Now call me a sucker for a cheesy crime thriller, but if I decide to indulge in a murder mystery novel, I want clues, I crave twists and turns and incriminating evidence and counter-evidence and that “yes he did it, no she did it, actually did he do it?” kind of read. And this book just didn’t deliver for me. Instead it chronicles the twisted, depraved, unhealthy relationship of two rather, ultimately unlikeable protagonists.   

I’m not sure if Gillian Flynn got bored or if it was what she intended all along, but after initially (and naturally) feeling only anger and hatred towards his killer wife when she turns up on his doorstep, determined to reveal her for who she really is, he eventually gives up and succumbs to her trickery. Amy falls pregnant and they stay together. The end.

I could not have predicted a more frustrating, dissatisfying end.
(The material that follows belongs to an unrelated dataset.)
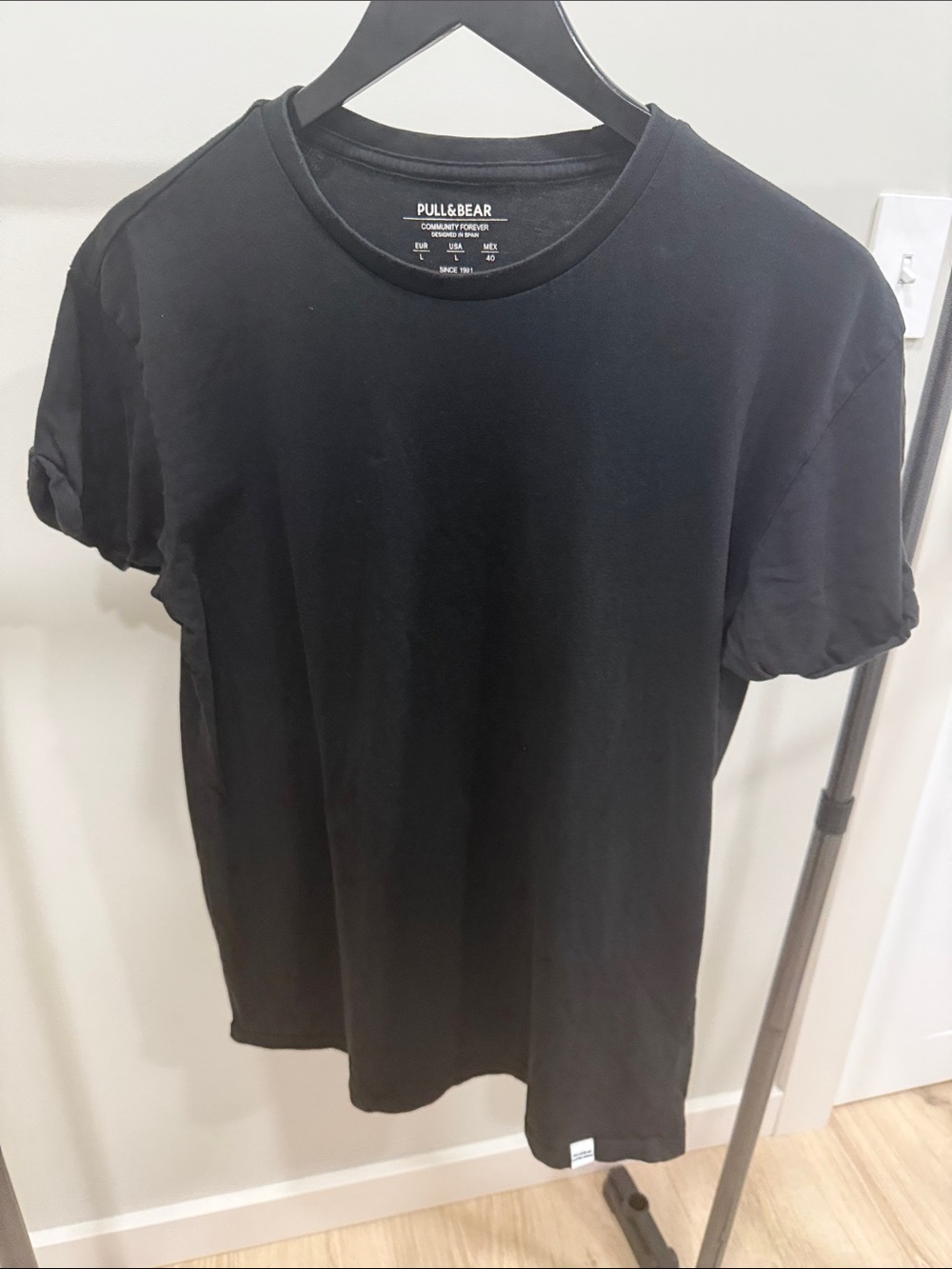 Pull&Bear Black Short Sleeve Crew Neck T‑Shirt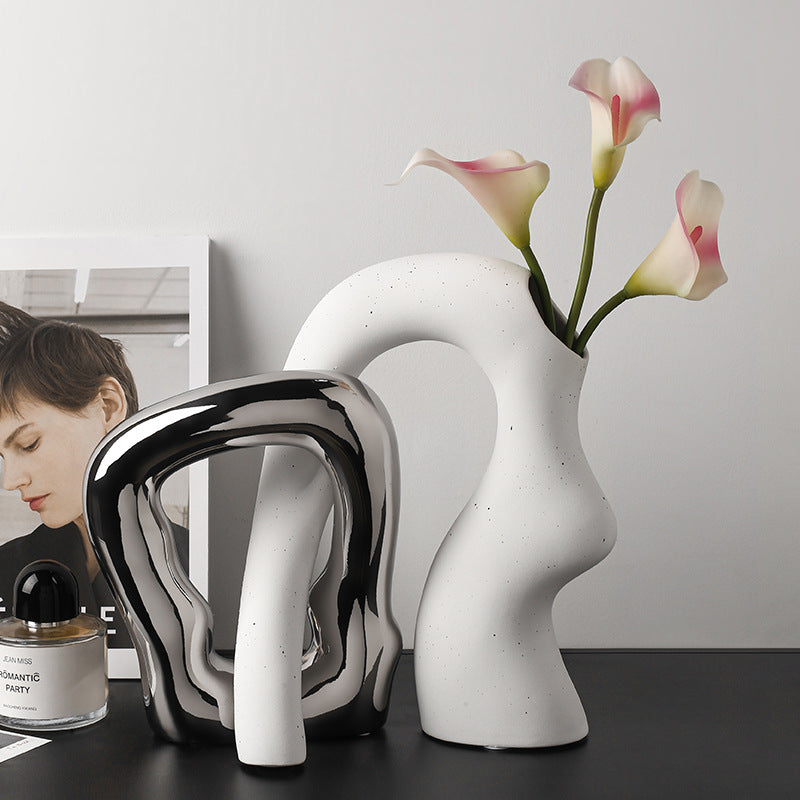 Unique Ceramic Irregular Vase | Sculptural Art Decor for Living Room, TV Stand, Bar Cart | Modern Home Accents for Tabletop Display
Not only does this novel seem to wallow in its own self-pity, go against all convention and normality, but it also seems to send out the message: Guys, if you are unlucky enough to marry a psycho wife, capable of murder and treachery, don’t do anything about it, hold onto her, give her babies and confine yourself to misery. Call me boring, but despite a wealth of contrary option, I just didn’t and couldn’t get it. Lesson learnt: if you’re looking for a satisfying easy read, amazon’s top-read list is not always the best place to start!